In many situations, the parents are elderly and their adult child is middle-aged, sitting at home with their parents with nothing to do, losing important skills learned while in school, without the proper community and transitional supports to keep them developing and prepared for an independent life after their family dies. The challenges facing people on waitlists and their families are significant and highly stressful.

A parent in Florida said, “My non-verbal autistic daughter has been on a waitlist for 4 years now. We've spent our savings, have aged 10 years in five and need to outlive our daughter so that she is cared for. The only thing we can count on is our life insurance policies to help her when we die.”

Because waivers are not an entitlement, in almost all states they are not fully funded to meet the need and involve variations in the types and intensity of services and supports that are offered. This results in waitlists and lack of portability of services from one state to another and one county to another. This is especially difficult for military families who move from one military outfit to another as part of their duty to our country. The time periods people can be left waiting for help obtaining job services, a community-based program, or a secure home in which to live can be anywhere from five to twenty years long, depending upon the state and the type of service needed.

Few families can afford to pay out-of-pocket for these services (an average of $35,000 - $75,000) per year for host or group home placements because parents have had to leave gainful careers, even the military, to care for their children and pay for large medical bills.

NOEWAIT, National Organization to End the Waitlist, was founded Jan 19, 2008 by Denver Fox, Ed.D, a parent of a child with a developmental disability in Colorado who waited 10 years before receiving services. Fox says, “I am extremely concerned about the extensive waitlists for services and lack of portability of services from state-to-state for individuals with intellectual and developmental disabilities across the country, and the lack of a national effort to end those waitlists and gain portability.”
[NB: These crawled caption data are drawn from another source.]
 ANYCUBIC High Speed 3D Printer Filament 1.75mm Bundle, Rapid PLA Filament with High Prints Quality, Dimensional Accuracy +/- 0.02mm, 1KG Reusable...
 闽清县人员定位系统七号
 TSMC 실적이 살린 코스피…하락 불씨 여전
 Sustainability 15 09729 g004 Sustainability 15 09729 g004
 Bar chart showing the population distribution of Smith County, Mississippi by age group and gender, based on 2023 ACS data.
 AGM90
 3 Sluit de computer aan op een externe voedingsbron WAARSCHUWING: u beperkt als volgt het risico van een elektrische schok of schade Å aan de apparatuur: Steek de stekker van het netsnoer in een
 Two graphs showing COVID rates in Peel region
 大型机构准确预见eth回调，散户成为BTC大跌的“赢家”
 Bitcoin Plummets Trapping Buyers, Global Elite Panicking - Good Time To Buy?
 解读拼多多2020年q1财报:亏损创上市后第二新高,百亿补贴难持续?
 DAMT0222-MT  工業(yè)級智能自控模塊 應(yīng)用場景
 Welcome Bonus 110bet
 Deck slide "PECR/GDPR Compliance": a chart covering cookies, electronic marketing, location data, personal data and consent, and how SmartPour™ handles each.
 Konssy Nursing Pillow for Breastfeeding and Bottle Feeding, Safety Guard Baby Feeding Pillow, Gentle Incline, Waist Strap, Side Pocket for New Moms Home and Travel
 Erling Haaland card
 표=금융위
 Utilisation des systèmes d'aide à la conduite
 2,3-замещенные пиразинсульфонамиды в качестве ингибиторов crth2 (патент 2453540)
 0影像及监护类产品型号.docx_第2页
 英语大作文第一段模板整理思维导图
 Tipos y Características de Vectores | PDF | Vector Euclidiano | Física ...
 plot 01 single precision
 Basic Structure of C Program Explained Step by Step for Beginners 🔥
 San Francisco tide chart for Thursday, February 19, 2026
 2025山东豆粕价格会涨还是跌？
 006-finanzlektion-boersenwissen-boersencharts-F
NOEWAIT is now a national drive, a grassroots organization of parents and advocates, including self advocates with disabilities, that has come together nationally to raise awareness about these huge problems. Over the past several months, NOEWAIT has been engaged in soliciting signatures for a petition calling on the President and Congress to solve these problems. More than 11,000 signatures have been captured so far, but more signatures are needed. Below is a link to NOEWAIT’s website which includes access to their online petition to sign and send to others.

Still, not every state and U.S. territory has NOEWAIT volunteers to help advocate for the end to waitlists. NOEWAIT currently has representation in Alabama, Arkansas, Arizona, California, Colorado, Connecticut, Florida, Georgia, Illinois, Indiana, Kentucky, Massachusetts, Maryland, Maine, Missouri, North Carolina, Nebraska, New Jersey, Oklahoma, Pennsylvania, Puerto Rico, South Carolina, Tennessee, Texas and Washington.

About half of our states and U.S. territories still need volunteer coordinators to take up the effort of sending out media alerts, recruiting more volunteers, getting signatures for the petition and mailing advocacy letters to representatives. If you are in one of the states or U.S. territories not already listed above, please consider volunteering. More than one volunteer for each state is welcome, too, but those states not yet represented definitely need an advocate to advocate for ending the waitlist.

As another parent in this effort said and many other families agree, “When my daughter grows up, I envision her living in a community-based setting – in a supported environment where she will have people who will make sure she gets her medications, has meaningful things to do, and where she is safe and living an adult life independent of me.”